“Before John Nance Garner became Franklin Roosevelt’s vice president, and before he declared the job “isn’t worth a pitcher of warm spit,” the cow-punching, whiskey-drinking, poker-dealing Texas congressman pushed a plan to grab even more clout for his already enormous state. Across his career, as a turn-of-the century Texas state legislator and in interviews given during his time in Congress and on the occasion of his 1932 ascension to Speaker of the House, “Cactus Jack” argued that Texas could, and should, split itself into five states.
“An area twice as large and rapidly becoming as populous as New England should have at least ten Senators,” Garner told The New York Times in April 1921, “and the only way we can get them is to make five States, not five small States, mind you, but five great States.” Thanks to the terms of Texas’ 1845 admission to the Union, he argued, the state could split anytime, without any action from Congress—a power no other state has.

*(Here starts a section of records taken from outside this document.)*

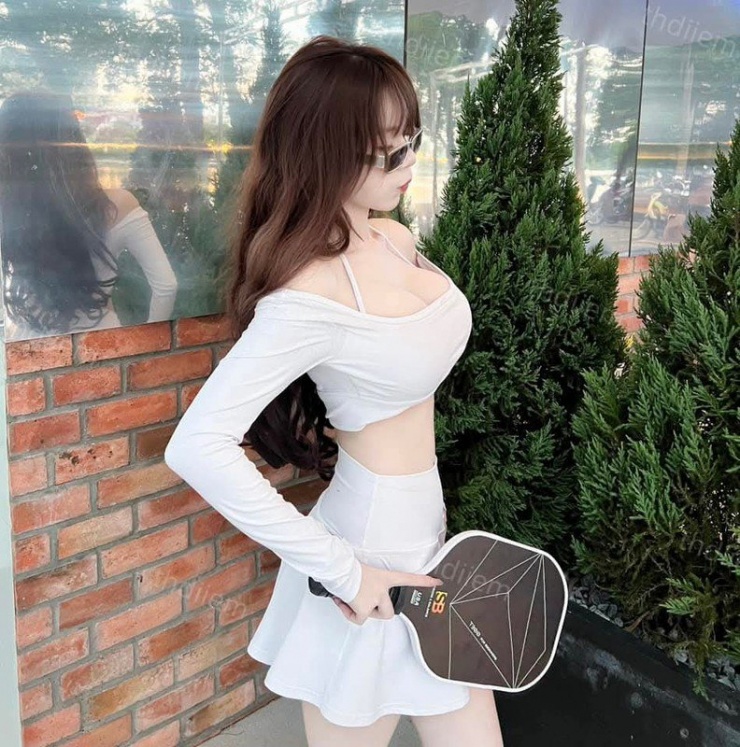 Đu trend váy băng keo, hot girl pickleball khoe vòng eo siêu thực - 10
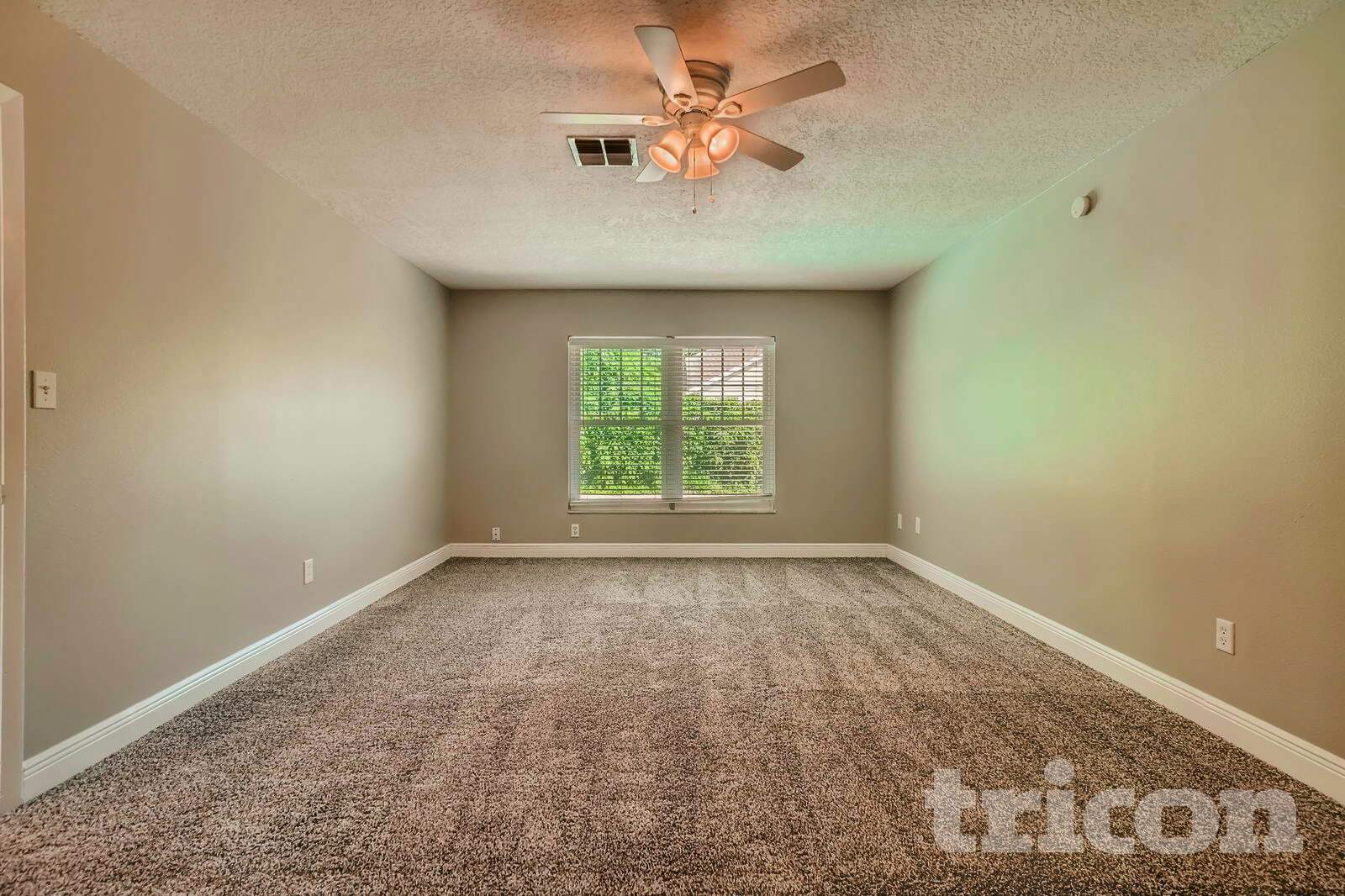 Building Photo - 361 Glenholly Ct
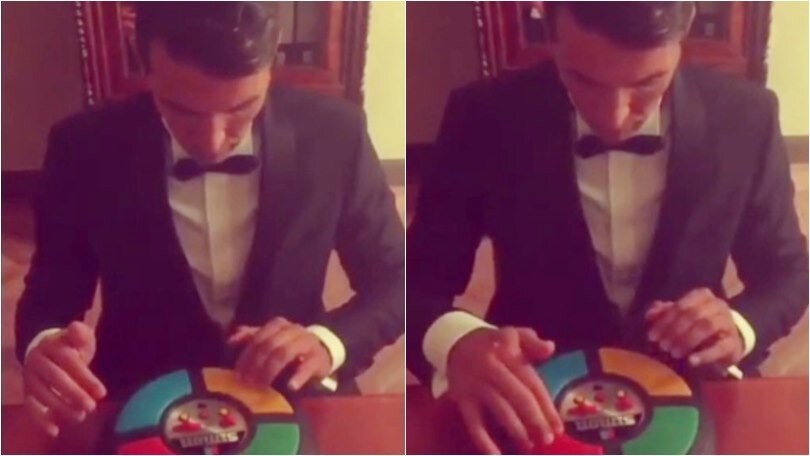 Buffon gioca con "Simon": passione vintage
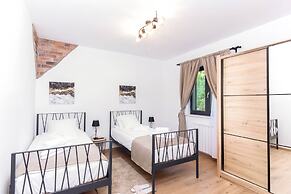 Villa PORTUM - Where Serenity & Comfort meet, Luxurious Woodland Retre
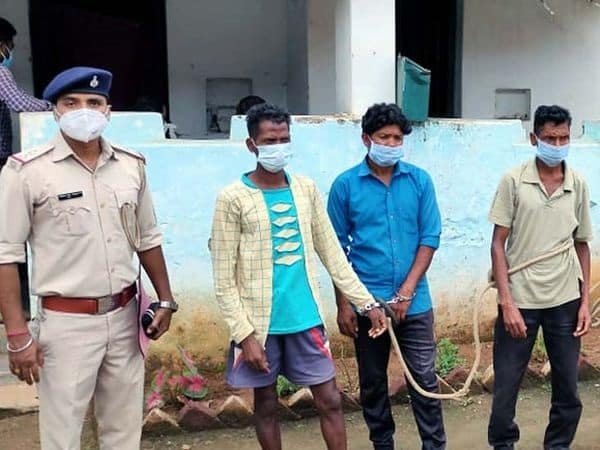 टीकाकरण टीम की महिला सदस्यों को बंधक बनाने के आरोप में तीन को भेजा गया जेल, नशे की हालत... टीकाकरण टीम की महिला सदस्यों को बंधक बनाने के आरोप में तीन को भेजा गया जेल, नशे की हालत...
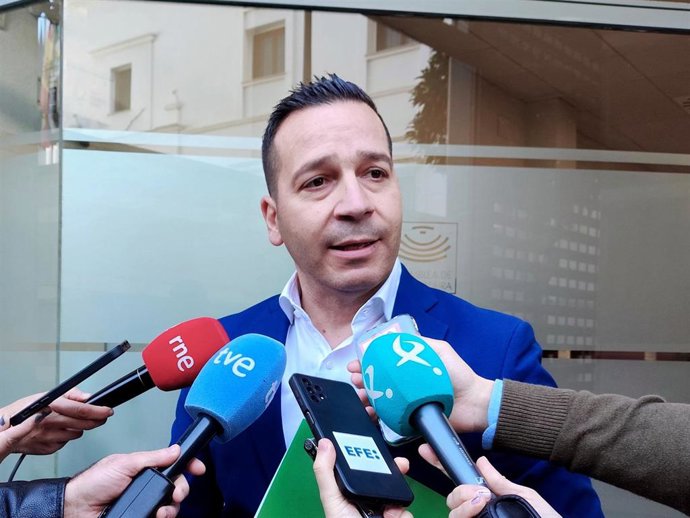 El portavoz de Vox en la Asamblea de Extremadura, Óscar Fernández, detalla la propuesta registrada para derogar la Ley LGTBI de Extremadura.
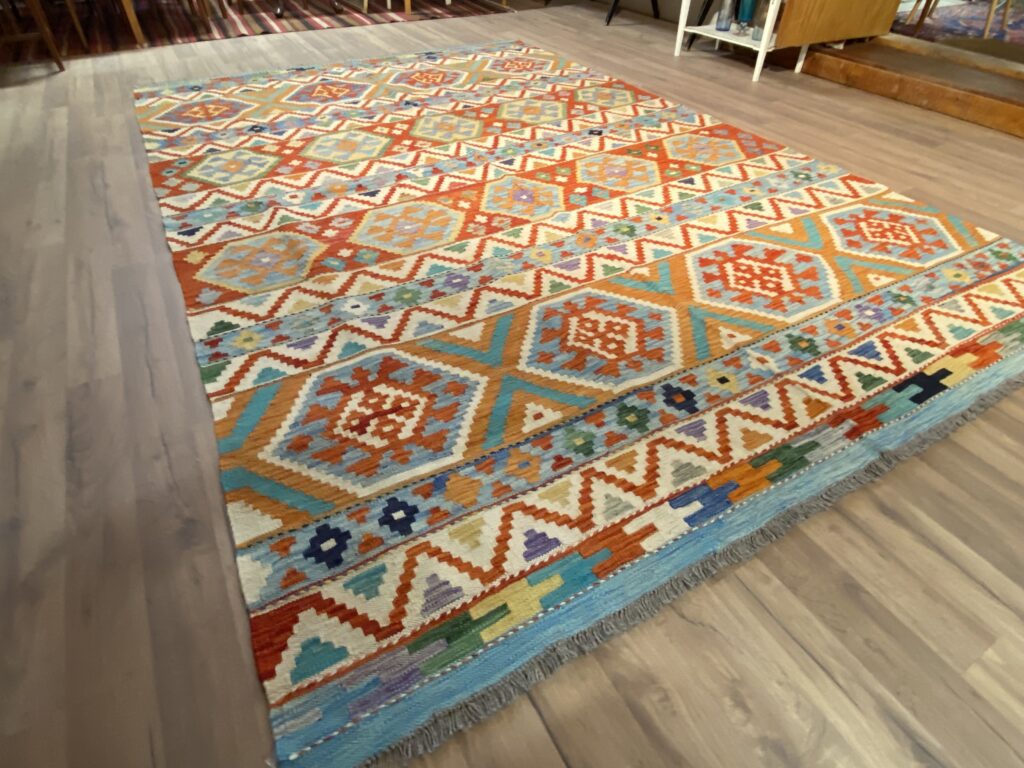 Handwoven Afghan Kelim - Image 2
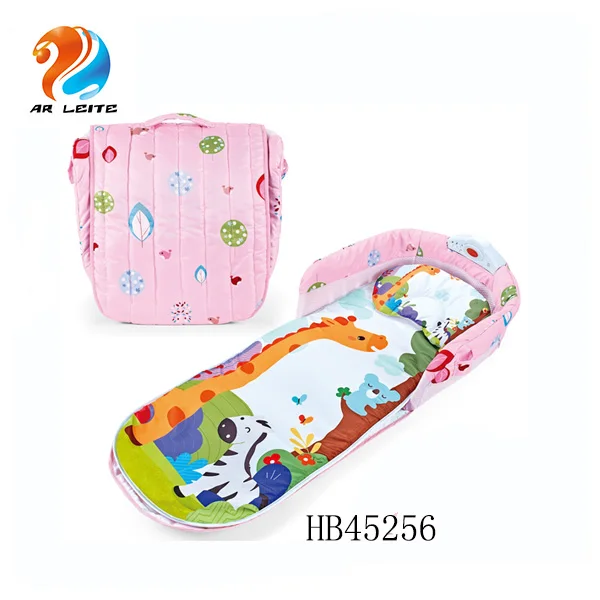 Оптовая продажа высококачественные детские кроватки средней кровати полузакрытая расширенная версия подвесные детали со светом и музыкой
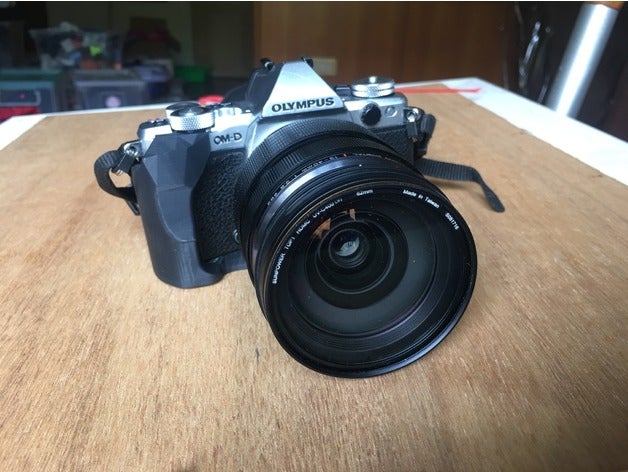 a olympus e-m5 mkii punho da câmara 3D print model - Mito3D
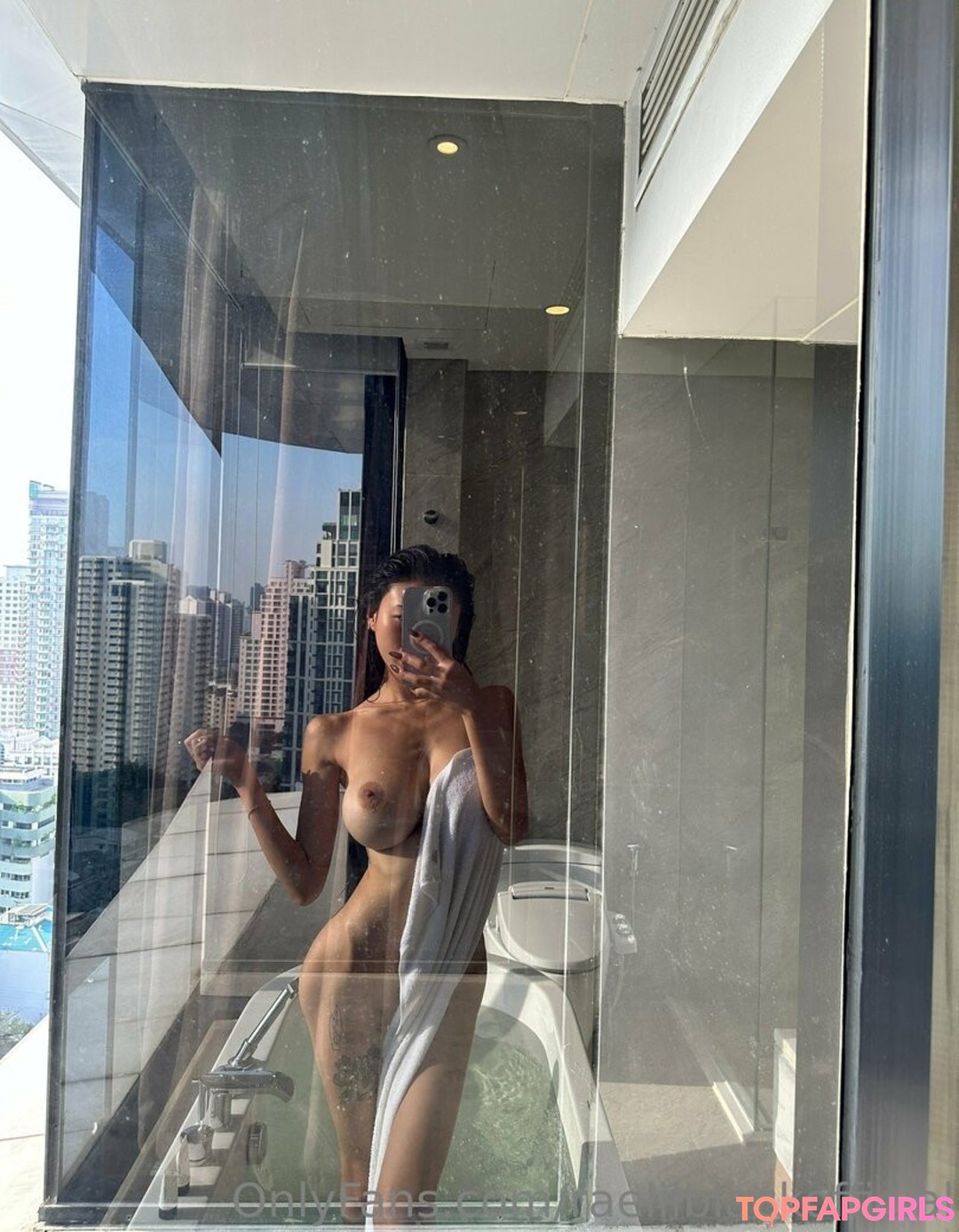 Nacktes geleaktes OnlyFans-Foto von Raelilblack #1454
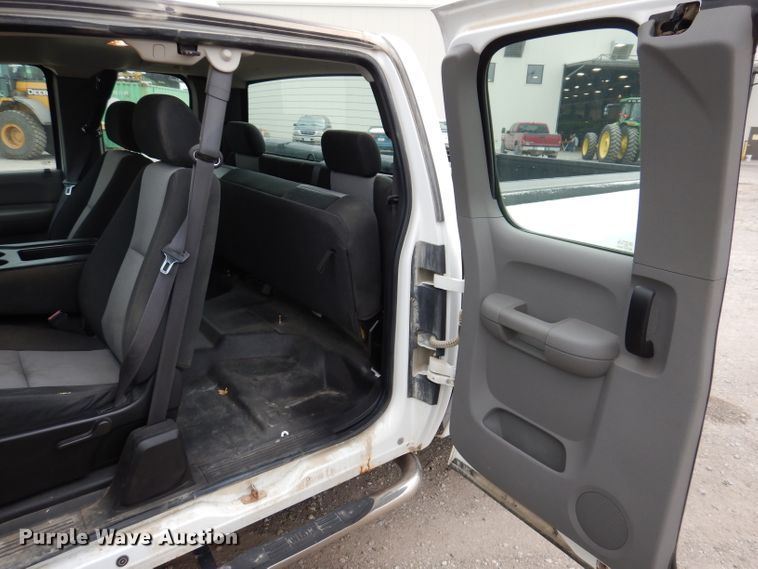 image for item IN9890 2009 Chevrolet Silverado 1500  Ext. Cab pickup truck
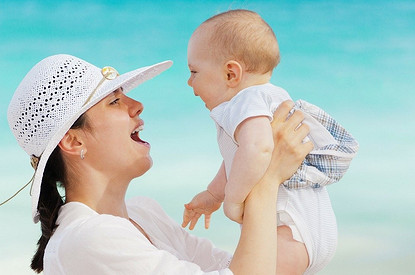 От пособий до налоговых льгот: на что сегодня может рассчитывать мать-одиночка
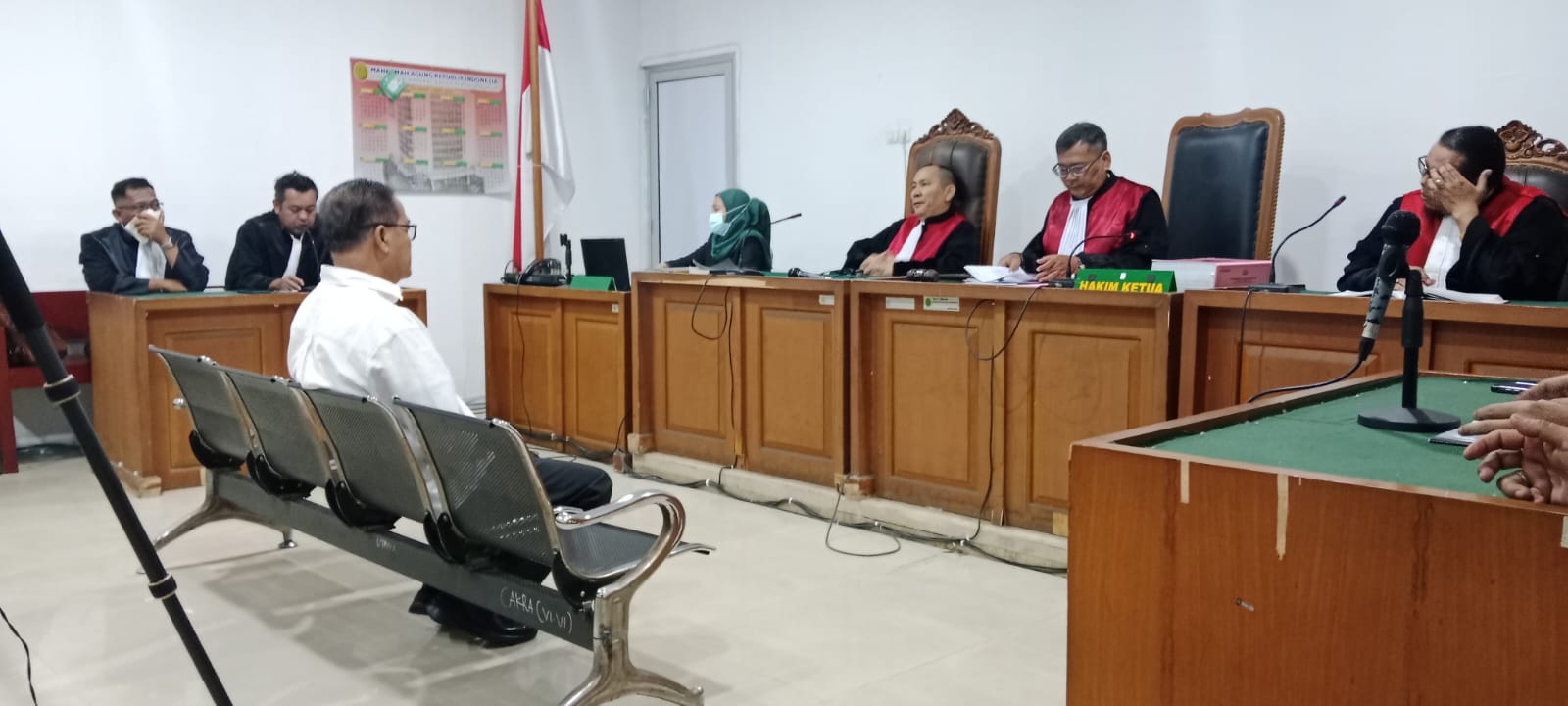 JPU Bacakan Dakwaan Korupsi Batik: Wilson Diduga Kendalikan Skema Persekongkolan Pengadaan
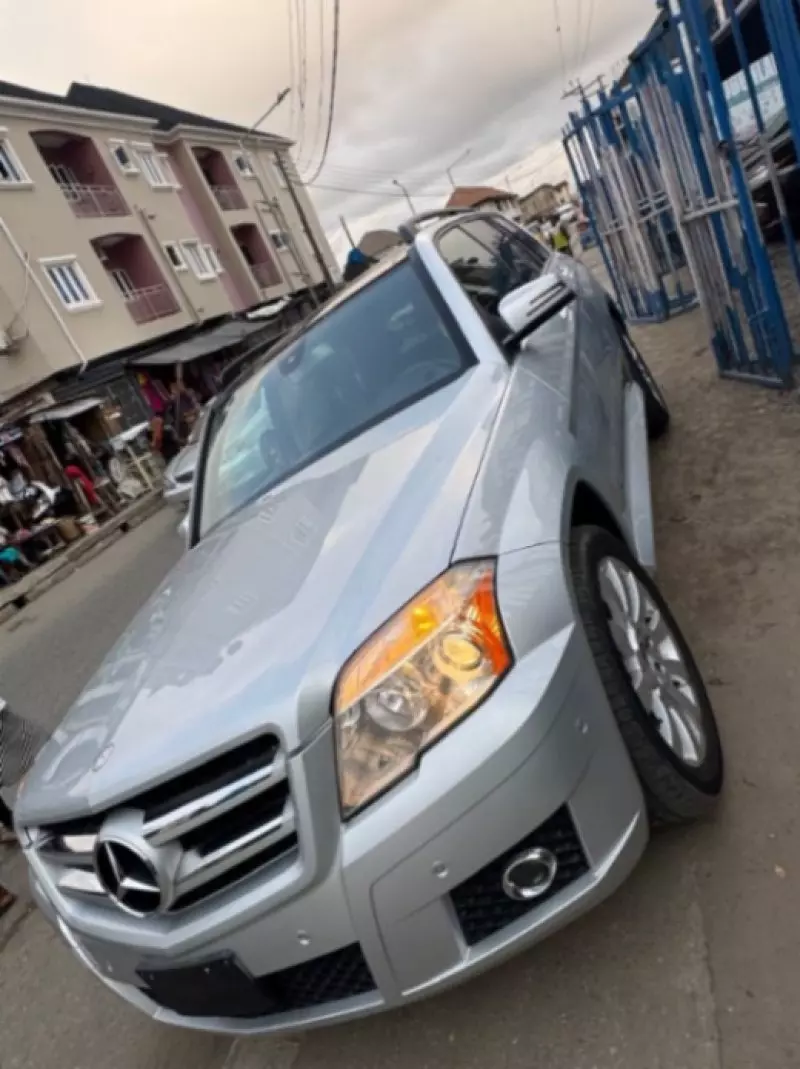 Mercedes-Benz GLK 350   - 2010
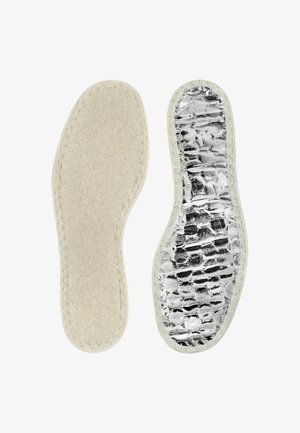 Du klasikiniai batų vidpadžiai, esančios šalia viena kitos; kairėje pusėje matoma minkšta smėlio spalvos veltinio paviršius, dešinėje pusėje - sidabrinis atspindintis folijos pamušalas.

Garner’s idea went nowhere. But the congressman from Uvalde, in the Hill Country west of San Antonio, was carrying on a long West Texas tradition of trying to turn the Lone Star State into a constellation. Dividing Texas into many little Texases was seriously considered at the time Texas became a state and for decades afterward. The idea survives today as a quirk in American law, a remnant of Texas’ brief history as an independent nation. It’s also a peculiar part of Texas’ identity as a state so big, it could split itself up—even though it loves its own bigness too much to do it.